4.6. The Ablation Study

We next show the ablation results. The initial CAM and improved CAM are considered for the ablation study. The backbone ResNet 50 is used. The results are shown in Table 3, where mIoU values are shown. It is seen that original CAM can also lead to the improvement. Meanwhile, our improved CAM can enhance the results further, which demonstrates that fact that clustering strategy is a useful method to enhance CAM regions.

5. Discussion

The existing few-shot segmentation methods usually focus on the learning class-agnostic model, which is based on the level interclasses only. Such class-agnostic model can lead to good generalization on new classes, which however also lacks the class cues of new classes. Based on the existing class-agnostic model, we try to add new segmentation cues through the discriminative cues interclass and the common cues intraclasses, which is the level of both interclass and intraclass. Therefore, better segmentation results can be obtained by our method.

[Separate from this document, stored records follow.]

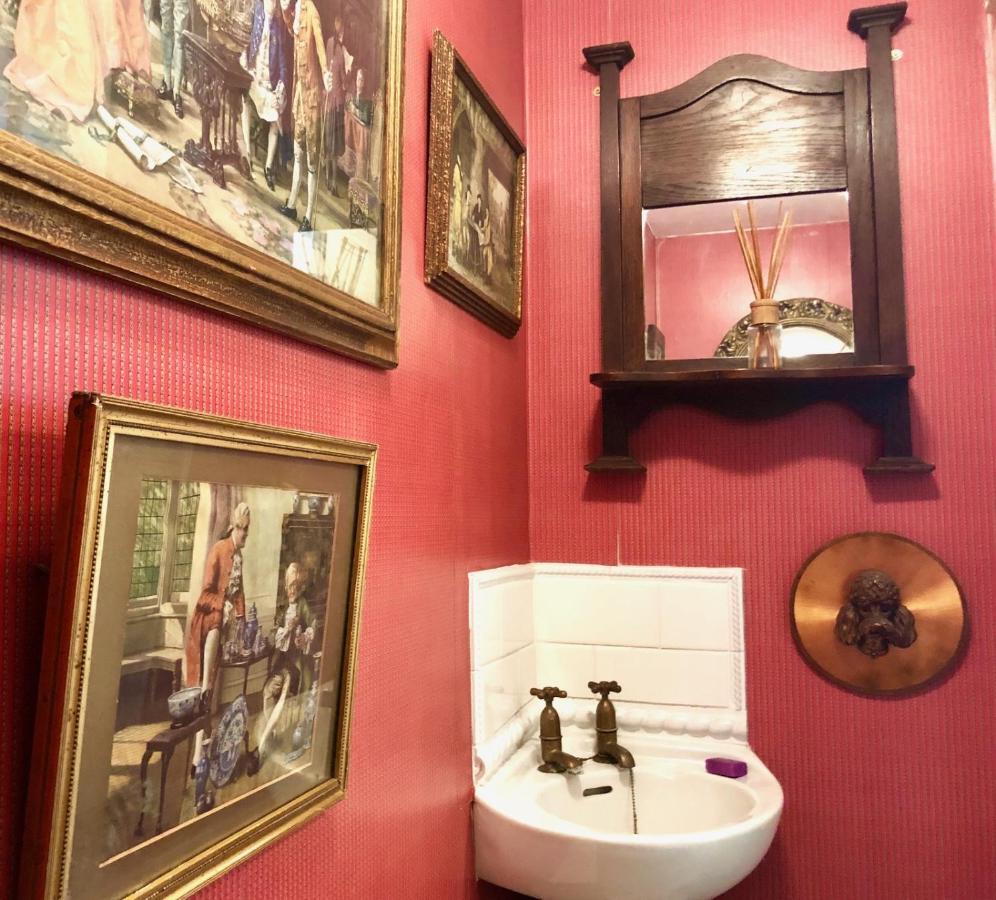 Lauras Townhouse Apartments Dressmakers Salon 巴斯 外观 照片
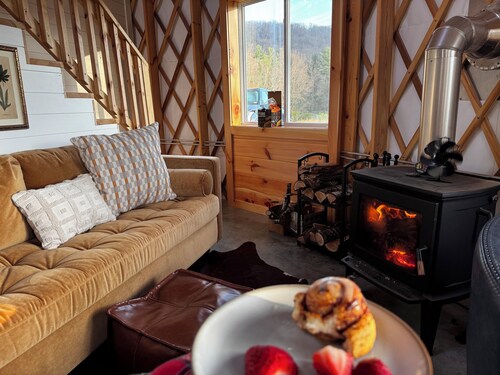 Cozy luxury yurt in the peaceful mountains of Baker, WV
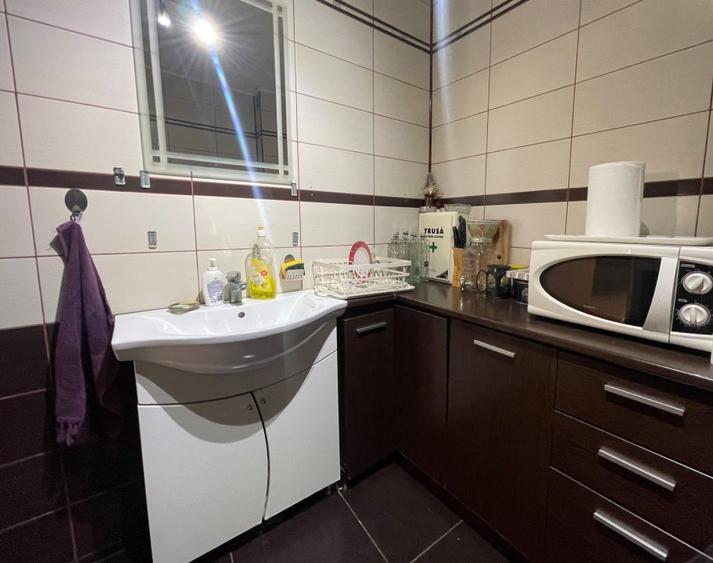 Tomis I, vila P+1 cu 4 camere, 2 balcoane, curte, loc de parcare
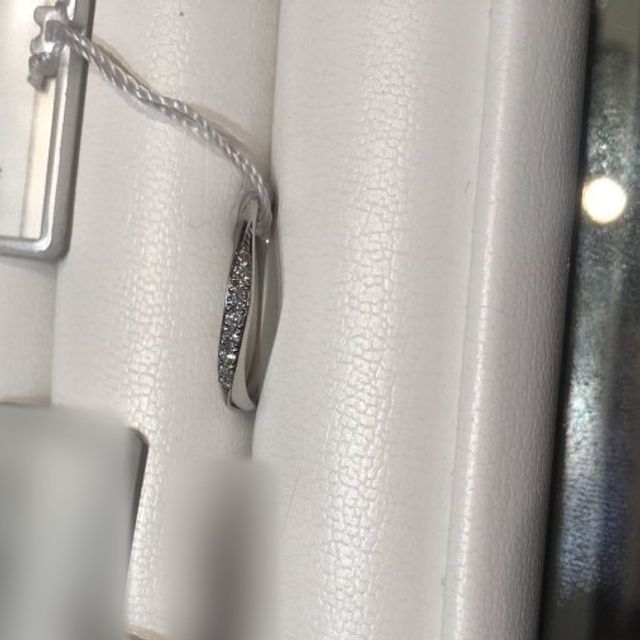 【I's stone(アイズストーン)の口コミ】 定番のシンプルなデザインを希望しており、幾つか試着した中から決めまし…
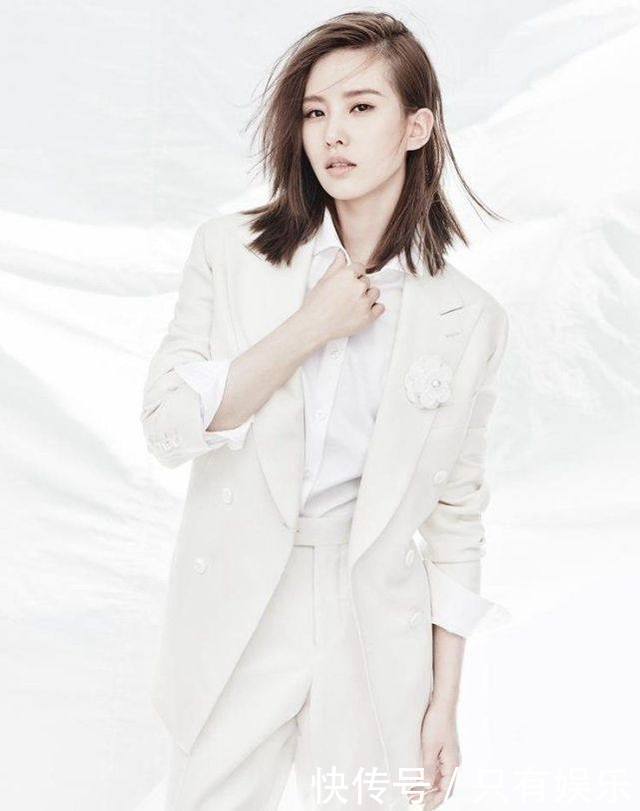 女星穿西装谁最靓？大表姐攻气十足，刘涛气场全开，她艳压全场！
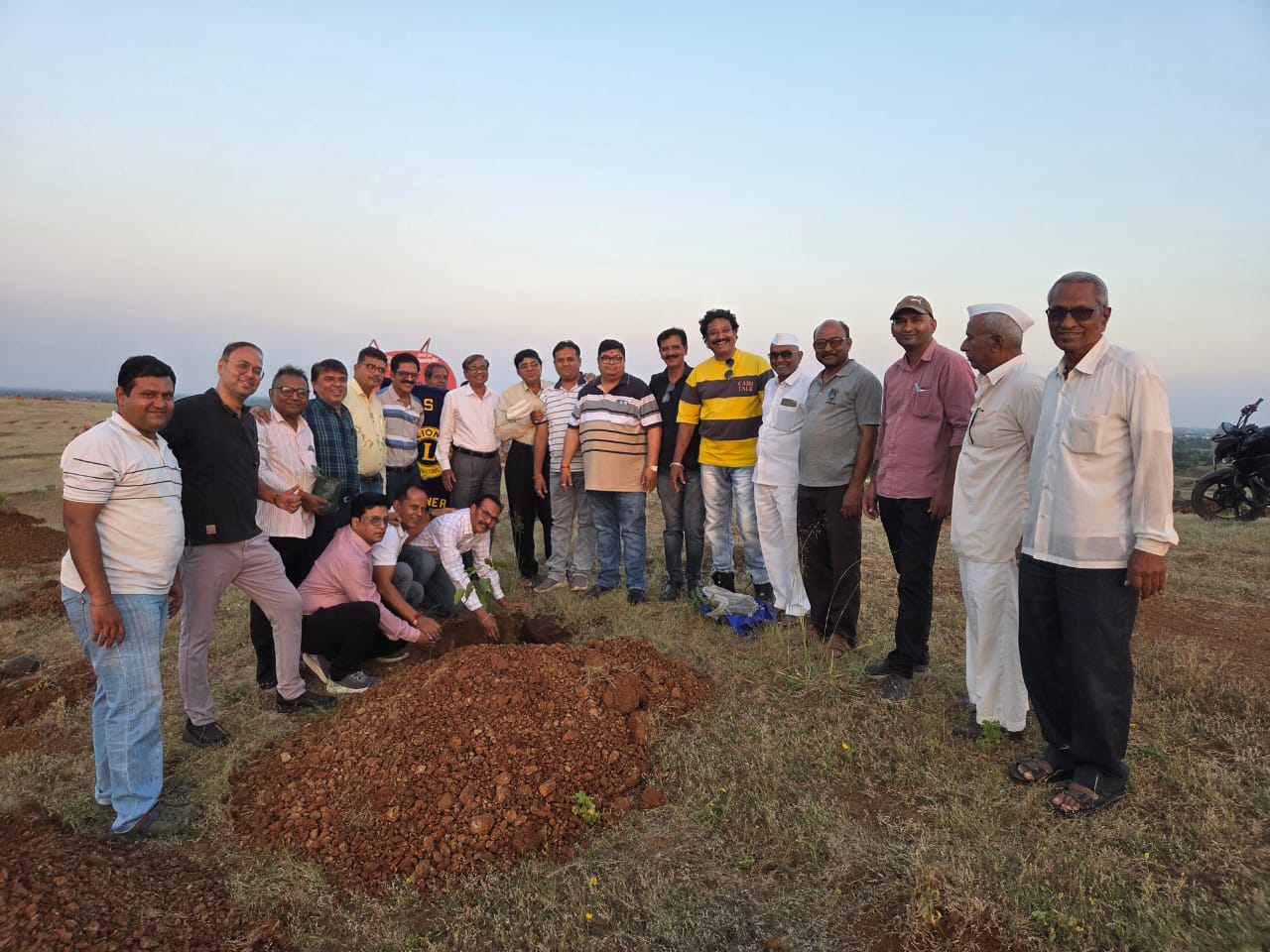 शिव टेकडीवर लायन्स क्लबतर्फे वृक्षारोपण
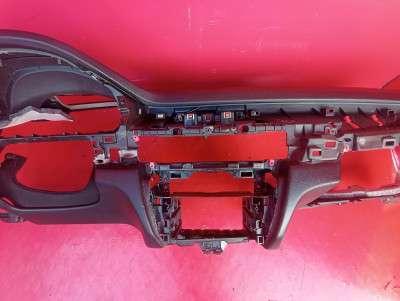 Торпедо (панель передня) BMW X5 F15 (2013-2018)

It is seen that our method is based on the method in [26] (LTM), which proposed a few-shot segmentation method via estimating the relationship matrix of masks that is an interesting idea. However, our method is different from LTM [26]. Firstly, our main contribution is using the class activation map to capture the segmentation cues interclass and intraclass, which is not considered in [26]. Secondly, an attention module is added in LTM, which can add the CAM segmentation cues to enhance the segmentation. Therefore, our method can be considered as an extension to LTM [26] with better segmentation results.”

6. Conclusion

This paper proposed a new few-shot segmentation method that uses the class activation map to enhance the generation of object priors by considering the common cues intraclass and the discriminative cues interclass. The proposed network consists of four steps: classification step, CAM generation step, mask generation step, and mask refinement step, which are used to generate the initial CAM via class classification, to generate the CAM via feature clustering, to generate the segmentation mask, and to refine the segmentation mask, respectively. The proposed method is validated on Pascal Voc dataset. The experimental results demonstrate that the consideration of common cues intraclass and the discriminative cues interclasses can enhance the few-shot segmentation in terms of large IoU values.

Data Availability

The datasets used for validation are available from https://host.robots.ox.ac.uk/pascal/VOC/. The detailed results are listed in the paper. More results can be found from the corresponding author on reasonable request.

Conflicts of Interest

The authors declare that they have no conflicts of interest.

Acknowledgments

This paper was partially supported by The National Natural Science Foundation of China (51577086); Jiangsu Six Talent Peaks (TD-XNY004); and Jiangsu Major Scientific Research Projects in Colleges and Universities (19KJA510012).